唐突の自分語りですけど、私もそういうことあるなと思う。大切な誰かに「あなたなら大丈夫だよ」って言ってもらえても、希薄な関係の職場の人に言われたちょっとした一言で自分がこれまでやってきた仕事すべてへの自信がなくなったりする。仕事への自信喪失だけでなく、「私ってダメな人間なのかなー働くことが向いてないのかなー」とか生産性のないことを考えてしまう。そういうことありません??私がネガティブすぎるだけ???


しかし、ドイルが人間によって苦しみ心が落ちてしまった時に、励ましてくれるのもまた人間だ。車椅子にのったルイーザが登場する場面、どこを切り取っても大好きです。音楽も何もない静寂の中に発せられる「見てた?姉さんのこと」もロティの家族への深い愛が伝わってきて胸が苦しいし、「いないんだ、もうどこにも」というのは「小説を書く才能のある自分は、もうどこにもいない」という苦しみの吐露にも聞こえる。

ホームズセンセーションという栄光が作り出したホームズの影は、ドイルの影よりも巨大化してしまった。「彼も大切な一部」であることを忘れ、ドイルを支配する悪魔となってしまった。そんな時にかけられるルイーザの「やりたいと思うことをやるだけ」という言葉はドイルにとって魔法の言葉だったのではないかと思う。ホームズ作家であることも、歴史小説作家であることも、医者であることも、ボクサーであることも、その他なんであってもドイルの一部ではなく全てを信じてもらえる。彩風咲奈さんと夢白あやさんが醸し出す、ドイル・ルイーザお互いへの慈愛に満ちた空気。とても甘酸っぱくて幸福の香りがする。

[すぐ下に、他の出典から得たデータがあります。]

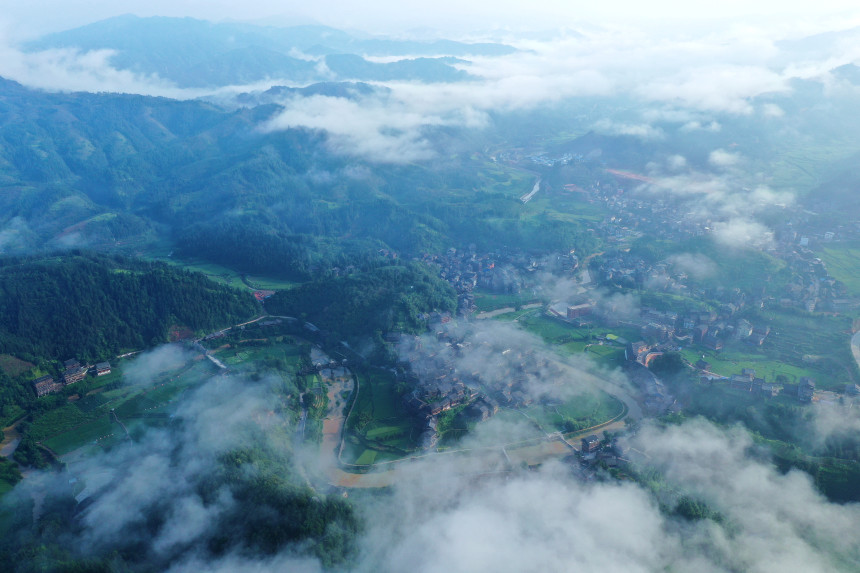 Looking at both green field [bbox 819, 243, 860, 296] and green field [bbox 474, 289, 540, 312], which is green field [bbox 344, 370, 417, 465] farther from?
green field [bbox 819, 243, 860, 296]

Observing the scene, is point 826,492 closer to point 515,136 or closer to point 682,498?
point 682,498

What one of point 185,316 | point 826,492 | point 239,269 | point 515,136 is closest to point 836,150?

そして何より、愛する人を失うという窮地を救うのは自分が作った物語の登場人物だった。これ、ホームズがルイーザの命を蘇らせたように見えるけど、「君は僕」なのだからドイル自身がルイーザを救ったということですよね。ドイルがホームズを信じられるようになったということは、ドイルが自分自身を信じ肯定するというところに繋がっているのでしょう。

幕開きの編集部の場面がラストに同じ音楽で繰り返されるけど、ドイルと周りの人間との関係性は深まり、心の距離も変化している。自分を信じ肯定できるようになったことで、自分の才能を信じる人を受け入れられるようになった。「信じることで現実を乗り越える」というメッセージがまっすぐ響いてくる作品だと思いました。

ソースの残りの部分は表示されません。